Bradley Scharfe , Director

Bradley Scharfe, age 52, was appointed as a director of the Corporation on April 2, 2015. He is a Vancouver businessman who has focused on venture capital situations throughout his career and has worked with multiple companies in the areas of capital requirements, public market concerns and personnel. Mr. Scharfe was previously a venture capital stock broker with Canaccord Capital Corporation for 12 years. He is a founder of and was previously the Chairman and a director of Carl Data Solutions Inc. (CSE: CRL), and is currently a director of Corazon Gold Corp. (TSXV: CGW), a venture-stage Canadian public company.

Mr. Scharfe holds a Bachelor of Arts degree from the University of Toronto, with a major in Commerce and Economics.

John Anderson , Director

John Anderson, age 52, was appointed as a director of the Corporation on August 31, 2016.  He was the co-founder of Aquastone Capital Advisors LP, a U.S.-based gold investment fund. With over 20 years of experience in the capital markets, Mr. Anderson’s specialty is identifying undervalued opportunities in the resource industry and investing capital into these situations. He has been involved in a number of small-cap companies, providing financing, investor relations and corporate development services. Throughout his career, Mr. Anderson has raised in excess of US$500-million in equity for a number of public and private companies in the United States, Canada and Europe.

Mr.
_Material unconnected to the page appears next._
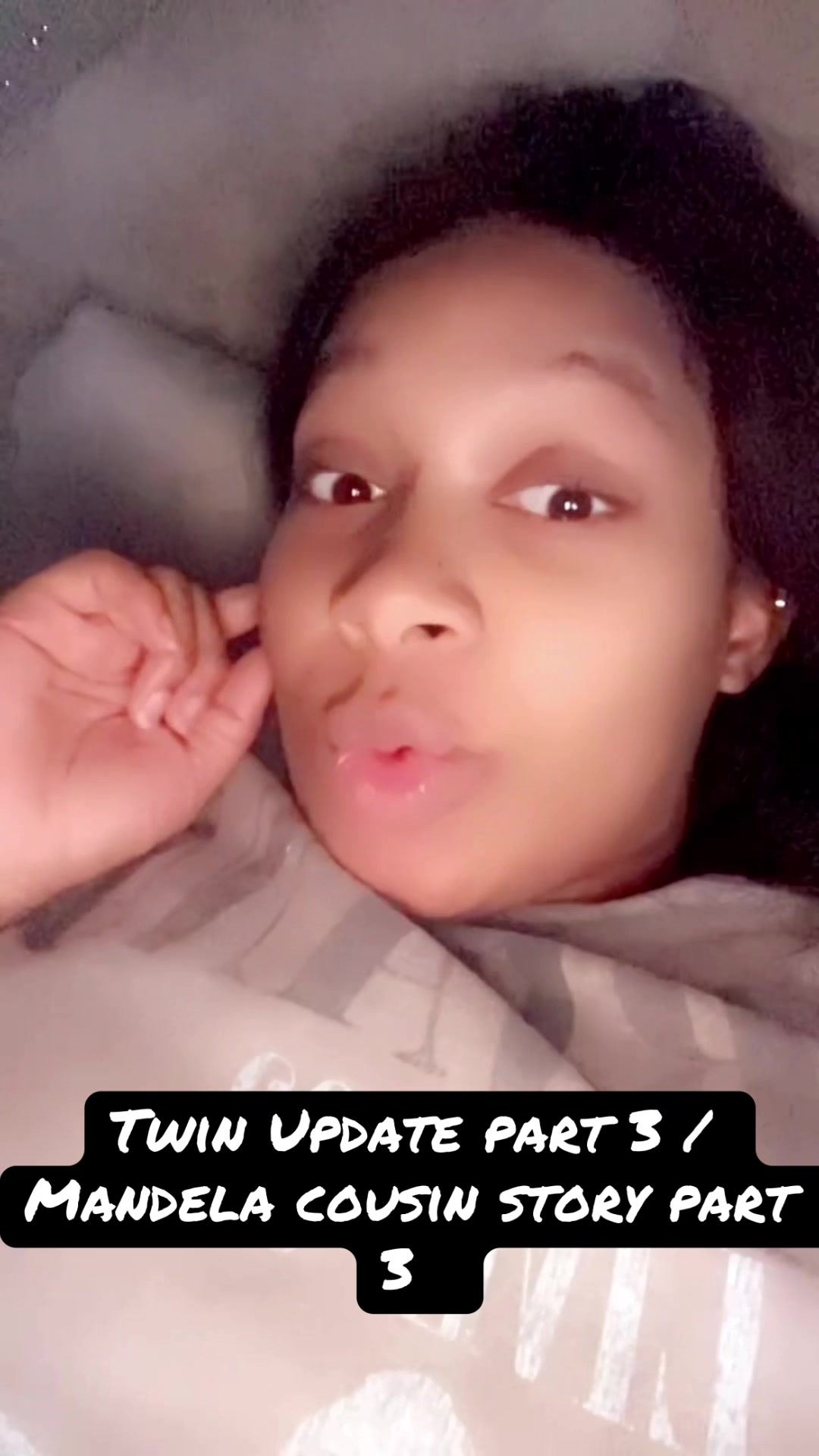 @Daeshawnndior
Anderson holds a Bachelor of Arts degree from the University of Western Ontario.

None of the Corporation’s directors has been a director of any company with a class of securities registered pursuant to section 12 of the Securities Exchange Act of 1934 (the “ Exchange Act ”), or subject to the requirements of section 15(d) of the Exchange Act, or any company registered as an investment company under the Investment Company Act of 1940, during the past five years.

Significant Employees

Other than its executive officers, the Corporation does not expect any other individuals to make a significant contribution to its business.






Family Relationships

There are no family relationships among the Corporation’s directors, executive officers or persons nominated or chosen to become directors or executive officers.

Legal Proceedings

None of the Corporation’s directors, executive officers, promoters or control persons has been involved in any of the following events during the past 10 years:

·

any bankruptcy petition filed by or against any business of which such person was a general partner or executive officer either at the time of the bankruptcy or within two years prior to that time;

·

any conviction in a criminal proceeding or being subject to a pending criminal proceeding (excluding traffic violations and other minor offenses);

·

being subject to any order, judgment or decree, not subsequently reversed, suspended or vacated, of any court of competent jurisdiction, permanently or temporarily enjoining, barring, suspending or otherwise limiting his involvement in any type of business, securities or banking activities;

·

being found by a court of competent jurisdiction (in a civil action), the SEC or the Commodity Futures Trading Commission to have violated any federal or state securities or commodities law, and the judgment has not been reversed, suspended or vacated;

·

being the subject of, or a party to, any federal or state judicial or administrative order, judgment, decree or finding, not subsequently reversed, suspended or vacated, relating to an alleged violation of any law or regulation prohibiting mail or wire fraud or fraud in connection with any business activity;

·

being the subject of, or a party to, any judicial or administrative order, judgment, decree or finding, not subsequently reversed, suspended or vacated relating to an alleged violation of any federal or state securities or commodities law or regulation or any law or regulation respecting financial institutions or insurance companies; or

·

being the subject of, or a party to, any sanction or order, not subsequently reversed, suspended or vacated, of any stock, commodities or derivatives exchange or other self-regulatory organization.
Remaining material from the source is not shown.